Il hèle un vitrier et le somme de monter. Une fois le pauvre homme parvenu au palier de son logis, tout en haut de l’immeuble, il lui reproche vertement son inutilité (ses vitres, justement, ne sont pas de couleur) et le renvoie. De son balcon, il guette alors la sortie du bougre au débouché de la rue pour faire tomber sur ses planches transparentes – sa pauvre fortune ambulatoire – un petit pot de fleur. Chacun ses haines.
Une autre fois, il aperçoit plusieurs hommes qui marchent courbés dans une plaine, eux aussi sous le poids d’un fardeau : une énorme Chimère, aussi lourde qu’un sac de farine. « Les pieds plongés dans la poussière d’un sol aussi désolé que le ciel », tous semblent accepter la présence du monstre collé à leur dos qui les opprime pourtant. Le cortège passe puis disparait dans l’horizon. Chacun ses chimères.

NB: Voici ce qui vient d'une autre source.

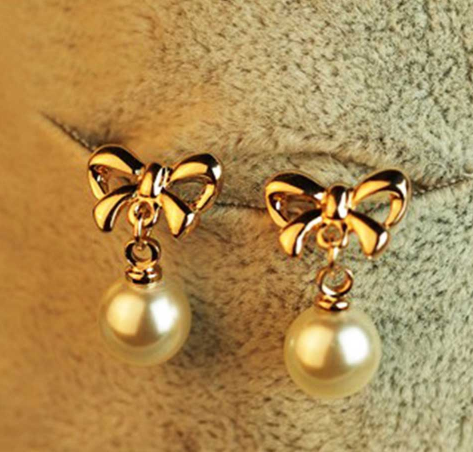 Hypoallergenic Heart-Shaped Zircon Earrings for Women with Bow and Pearl Accents - Image 5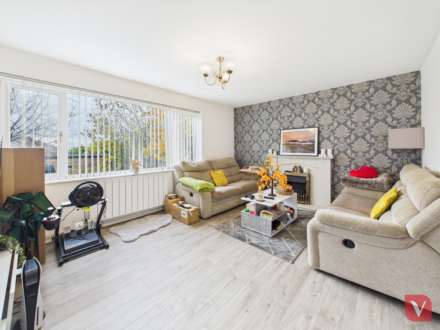 Petersfield Gardens, Luton, Image 2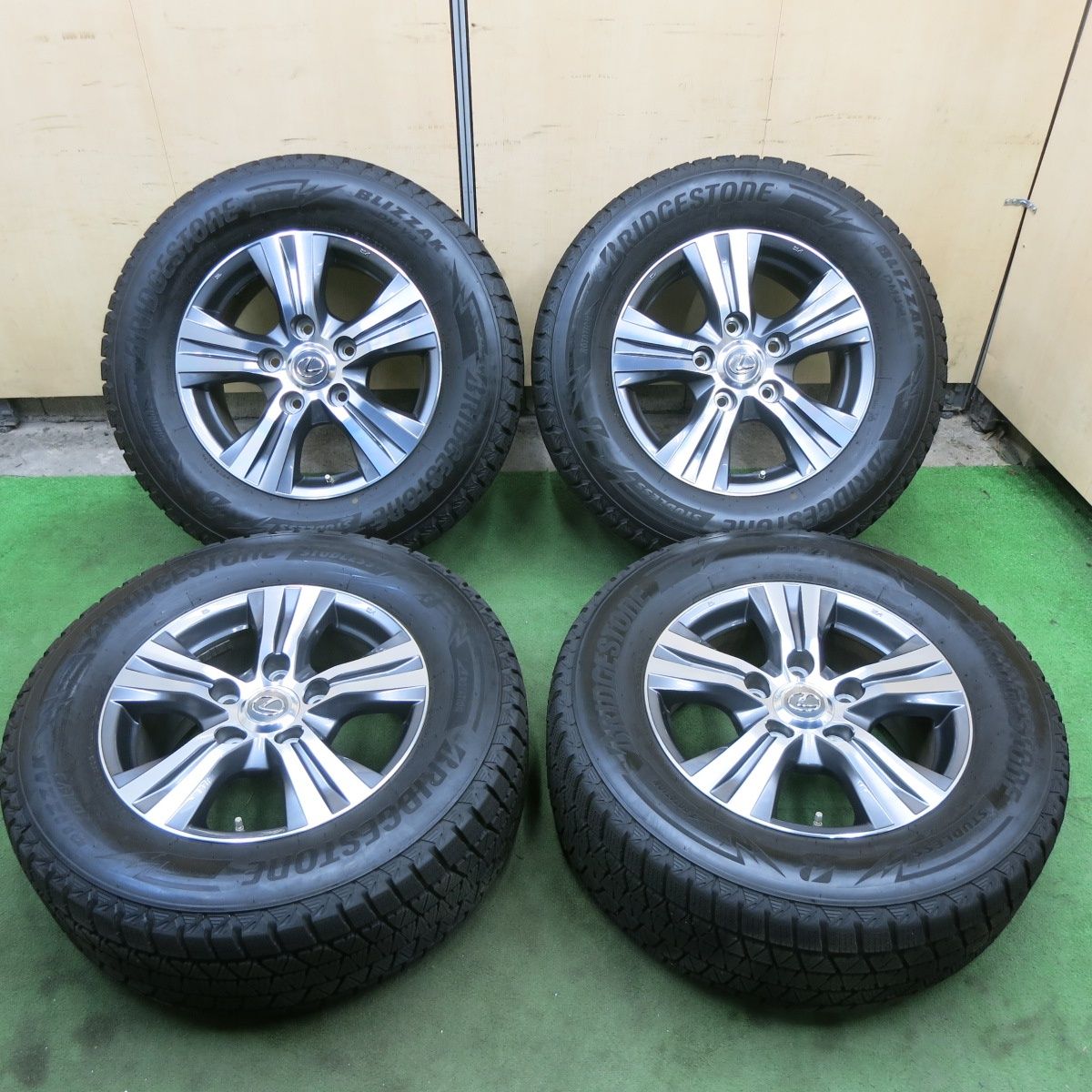 バリ溝！23年！キレイ！9.5分レクサス LX 純正 285/60R18 スタッドレス ブリヂストン ブリザック DM-V3 18インチ PCD150/5H6012802ナス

Un autre jour, ce sont sept vieillards maléfiques, un par minute, qui s’avancent à la file un matin de brouillard sale ; ou dans la rue il se mêle aux foules, passant par la pensée d’un corps à l’autre ; ou les passantes, dont l’œil semble être « un ciel livide ou germe l’ouragan », il les croise sans se retourner.
Que de rencontres étranges et passionnées dans ce Paris adoré pour la haine qu’il inspire.
Mais les veuves, ces monstres abrutis par la misère, l’âge et le chagrin, il aime plus que quiconque à les contempler. Il lui est même arrivé d’en suivre « pendant de longues heures ». « Roide, droite, sous un petit châle usé », elle semble la fierté incarnée, une fierté que le deuil vide et prive d’harmonie.
Elle entre dans un misérable café pour déjeuner. Elle se traine ensuite jusqu’au cabinet de lecture. Elle cherche dans les gazettes, « avec ses yeux actifs (…) des nouvelles d’un intérêt puissant et personnel ». Enfin, elle se dirige là où toutes elles finissent par s’installer : à l’écart d’un jardin public, sur un de ces bancs d’où l’on peut entendre les bribes d’un concert public donné par des militaires, récompense d’une journée (d’une vie plutôt) « sans amis, sans causerie, sans joie, sans confident ».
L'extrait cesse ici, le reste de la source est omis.